By Paula Doe
Adaptive testing using machine learning to predict die performance in a downstream test can reduce the number of cycles by as much as 40 per cent without compromising test performance, notes Dan Sebban, VP of data analysis, OptimalPlus, who’ll speak on machine learning challenges at SEMICON West’s Test Vision 2020 program. “As devices and their test requirements grow in complexity, the motivation for automating adaptive test greatly increases,” he states, adding that characteristics such as die location on the wafer, defects on neighboring die, condition of the tester, and test values near the specification limits can help predict which die are likely to be good.
“The big issue we see is that while everyone likes the idea of machine learning, it remains a black box model, with little visibility into why it makes the decisions it does,” adds Sebban. In addition, a suitable infrastructure to run, deploy and assess a machine learning model in real time is required. “There is still some hesitation to adopt machine learning. It’s a big change of mindset. While building the confidence to use machine learning will take time and experience, using the technology to automate big data analysis with the relevant infrastructure may be our best alternative to reduce test cost.”
Systems test and parts-per-billion quality become the rule
Systems test will continue to become more prominent and more complex as chips and packages shrink, affirms Stacy Ajouri, Texas Instruments system integration engineer and Test Vision 2020 event chair. “Even IC makers now need to start doing more systems test.” And as more ICs are used in automotive applications, the distinction between consumer and automotive requirements is blurring, driving demand in other markets for higher precision test with parts-per-billion defectivity requirements.
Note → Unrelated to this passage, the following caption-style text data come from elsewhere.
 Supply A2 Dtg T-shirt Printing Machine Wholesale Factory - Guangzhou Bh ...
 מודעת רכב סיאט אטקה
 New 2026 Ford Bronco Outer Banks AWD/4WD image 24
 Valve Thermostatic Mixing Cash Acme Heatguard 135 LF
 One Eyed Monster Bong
“Intelligent test gets increasingly challenging as devices become more complex and as testing moves from distinguishing good from bad devices to figuring out how to repair and trim marginal devices to make them good,” adds Derek Floyd, Advantest director of business development, this year’s program chair.
“We’re highlighting efforts to create the infrastructure the industry needs to manage big data for machine learning with test platforms from different vendors,” says Ajouri, citing work on new standards for streaming data from the testers and labeling critical steps in consistent language to simplify the use of data from different platforms in real time. “I have 10 platforms from multiple vendors, and I need them to mean exactly the same thing by ‘lot’ so I don’t have to sort it out before I can use the data,” she says.
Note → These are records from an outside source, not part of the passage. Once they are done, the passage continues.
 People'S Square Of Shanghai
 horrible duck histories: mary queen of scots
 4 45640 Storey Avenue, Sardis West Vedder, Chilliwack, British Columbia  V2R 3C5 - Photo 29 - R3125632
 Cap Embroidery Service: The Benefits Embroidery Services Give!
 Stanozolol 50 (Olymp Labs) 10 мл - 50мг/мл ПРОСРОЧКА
Are devices becoming too complicated to test at the required price point?
Can testing be economical with up to a million die per wafer, 50 data points per die, a requirement for parts-per-billion accuracy, and the need to identify parts that test good now but that might fail in the future? Organizers of the event invite chipmakers and test suppliers to debate the issue. “The speed of innovation in the semiconductor industry challenges test to keep pace,” notes Floyd. “The product we’re testing is always ahead of the product we have to test it with.”
The two-day event features sessions on automotive test; big data and machine learning for adaptive test; handling and interface issues such as over-the-air testing; and a general session covering memory and RF test.